Source data:
+++++

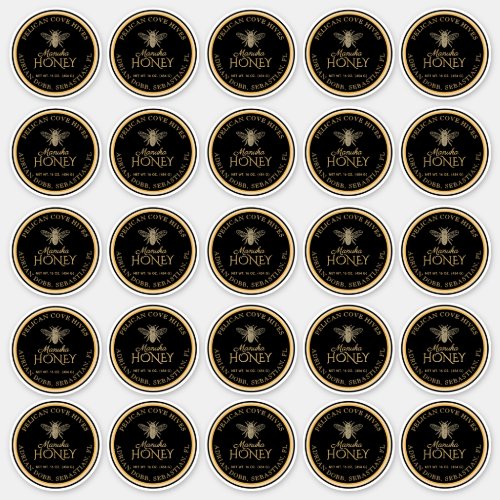 25 Manuka Honey Black Gold Bee Labels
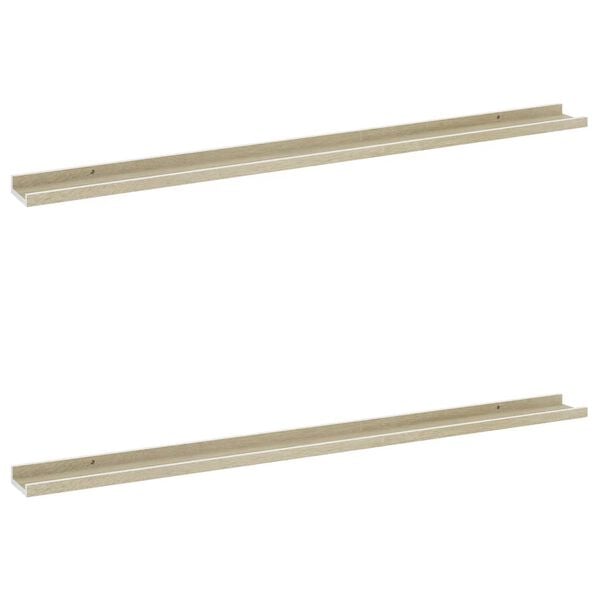 vidaXL Wall Shelf Set of 2 White and Sonoma Oak MDF 45.3x3.5x1.2 in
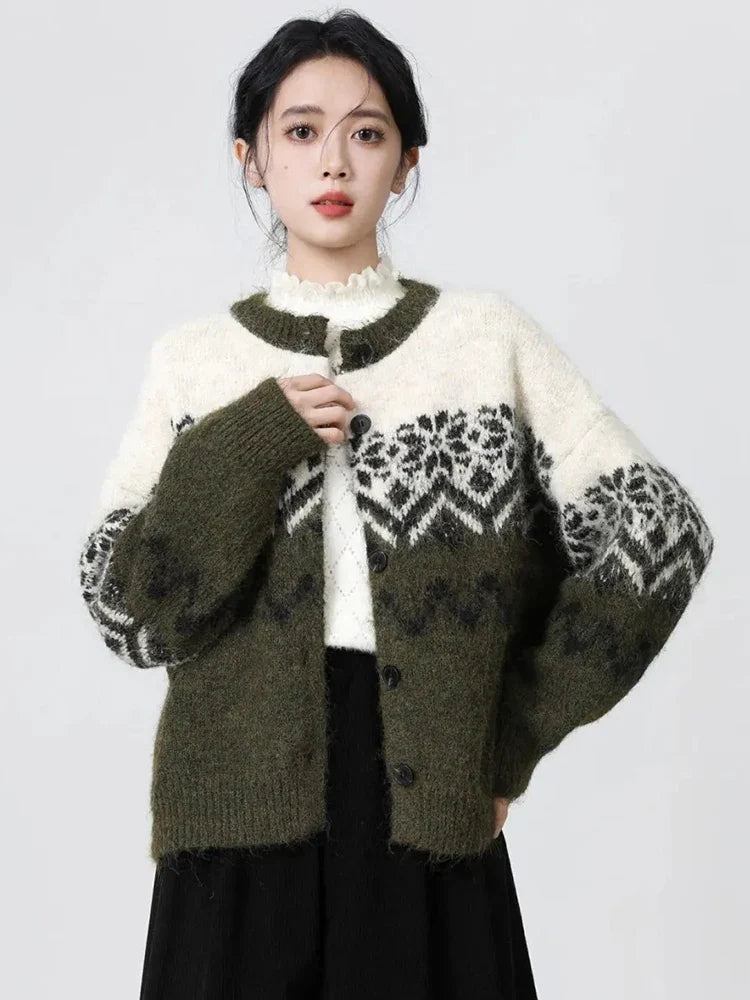 Women O Neck Retro Print Cardigan Sweaters Casual Lazy Wind Long Sleeve Knitted Short Coat Fall Winter Vintage Harajuku Lady Top
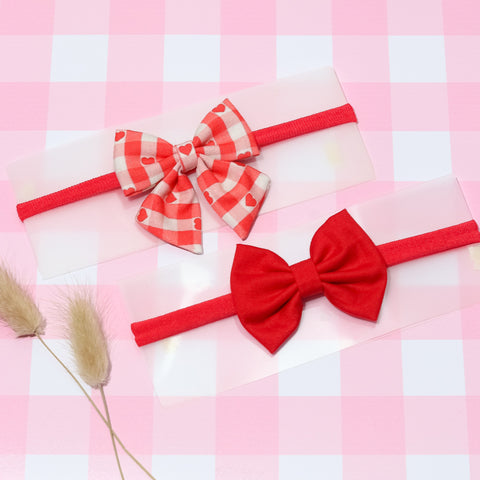 Checkered Sailor Bow & Bow Headband Set- Red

+++++

Goal of the exercise: Beginning at the line that contains "vidaXL Wall Shelf" and ending at the last line of the data, return each line exactly; no picture belongs in the copy.

Task response:
 vidaXL Wall Shelf Set of 2 White and Sonoma Oak MDF 45.3x3.5x1.2 in
 Women O Neck Retro Print Cardigan Sweaters Casual Lazy Wind Long Sleeve Knitted Short Coat Fall Winter Vintage Harajuku Lady Top
 Checkered Sailor Bow & Bow Headband Set- Red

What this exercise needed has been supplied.